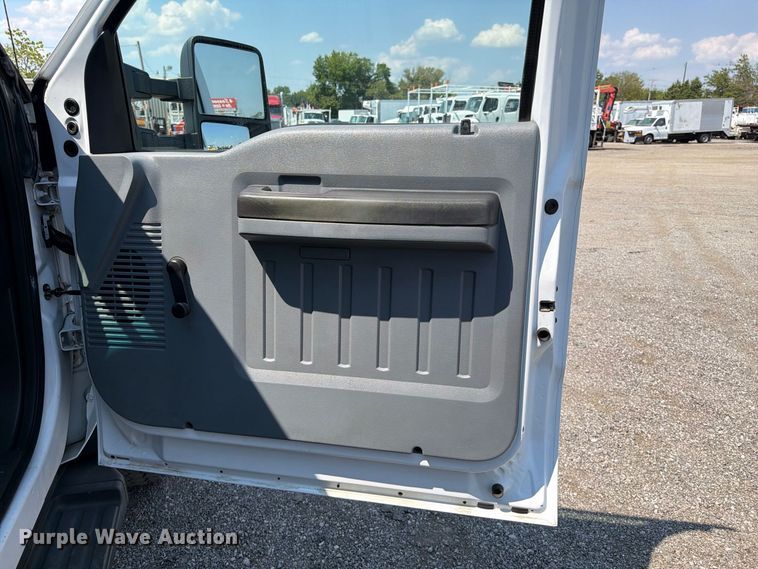 image for item FB5102 2011 Ford F550 Super Duty utility / service truck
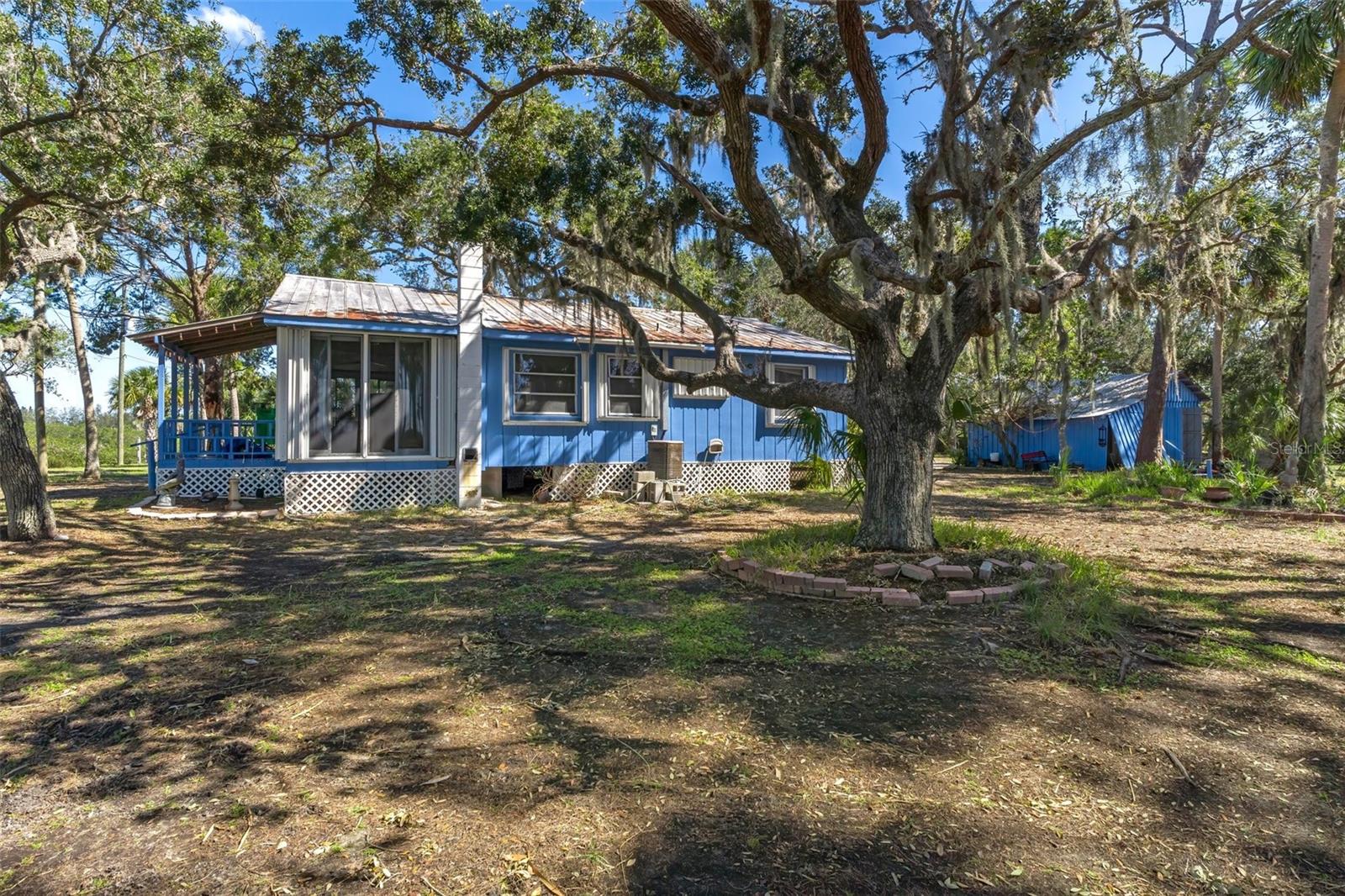 8812 CAMP LANE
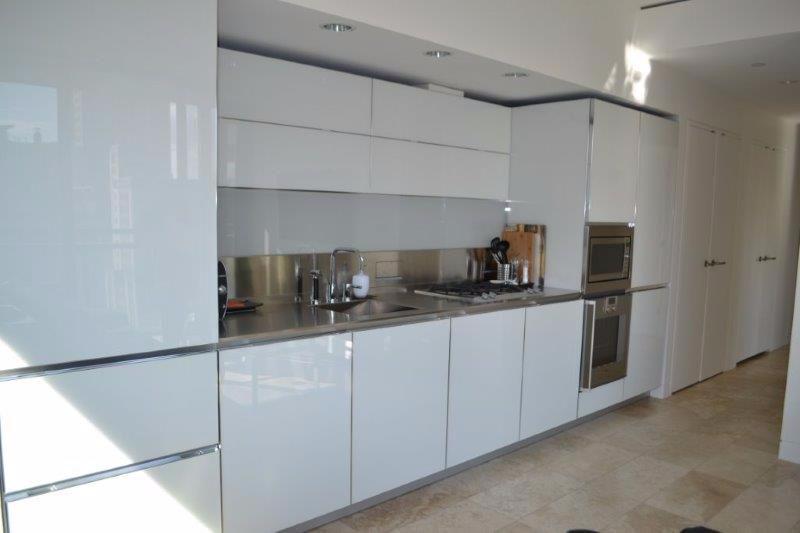 1805 838 W HASTINGS STREET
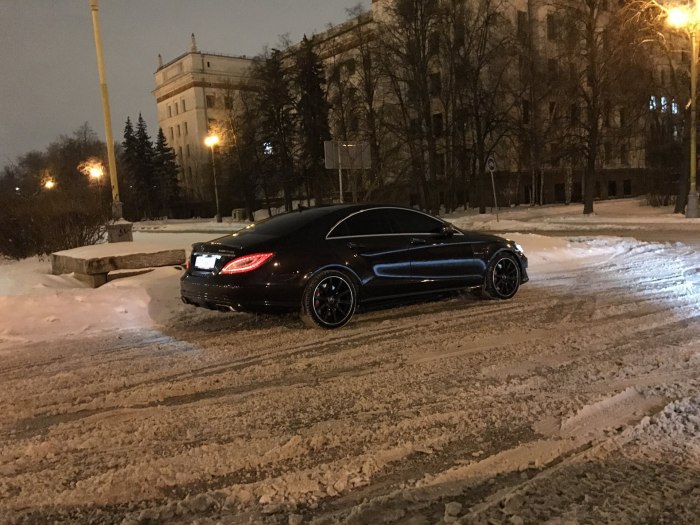 CLS 63 черный БМВ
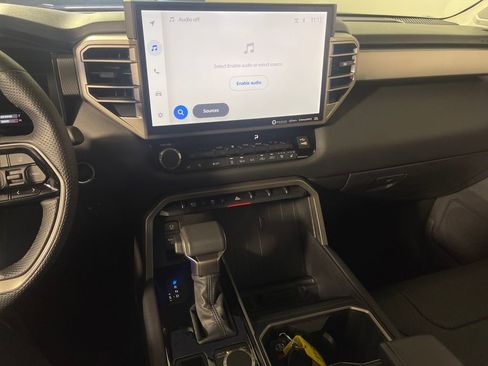 Used 2024 Toyota Tundra Limited image 20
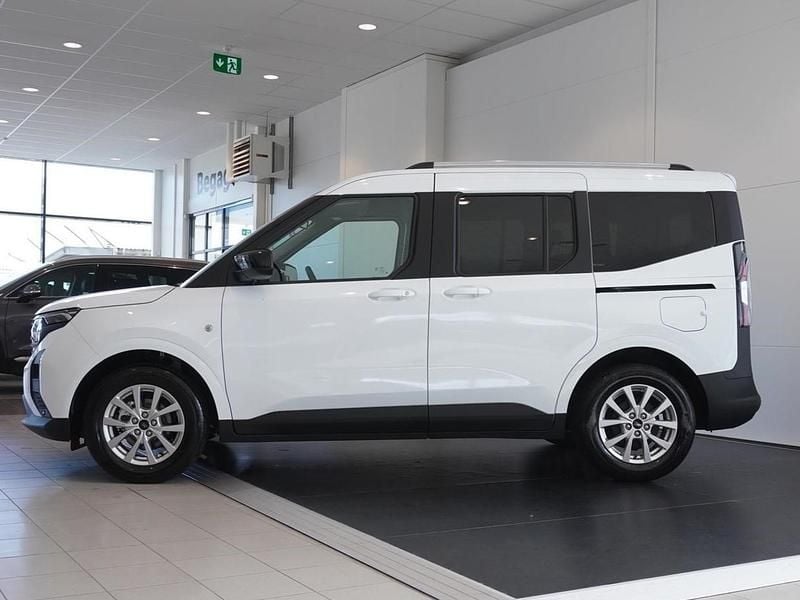 Begagnad Ford Tourneo Titanium 125 HK (91 kW) 2024 Vit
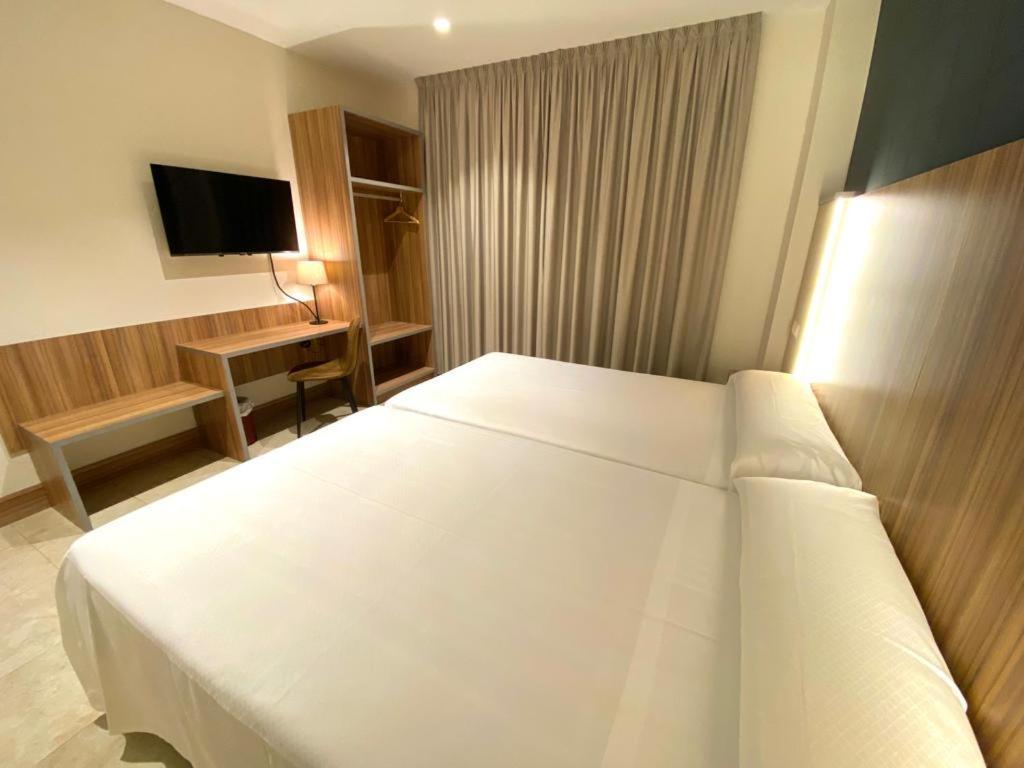 Hotel Camino Real Dueñas Kültér fotó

● ● ●

**Exercise description**
Take the entries above and set them down exactly, minus the pictures.

**Your response**
 image for item FB5102 2011 Ford F550 Super Duty utility / service truck
 8812 CAMP LANE
 1805 838 W HASTINGS STREET
 CLS 63 черный БМВ
 Used 2024 Toyota Tundra Limited image 20
 Begagnad Ford Tourneo Titanium 125 HK (91 kW) 2024 Vit
 Hotel Camino Real Dueñas Kültér fotó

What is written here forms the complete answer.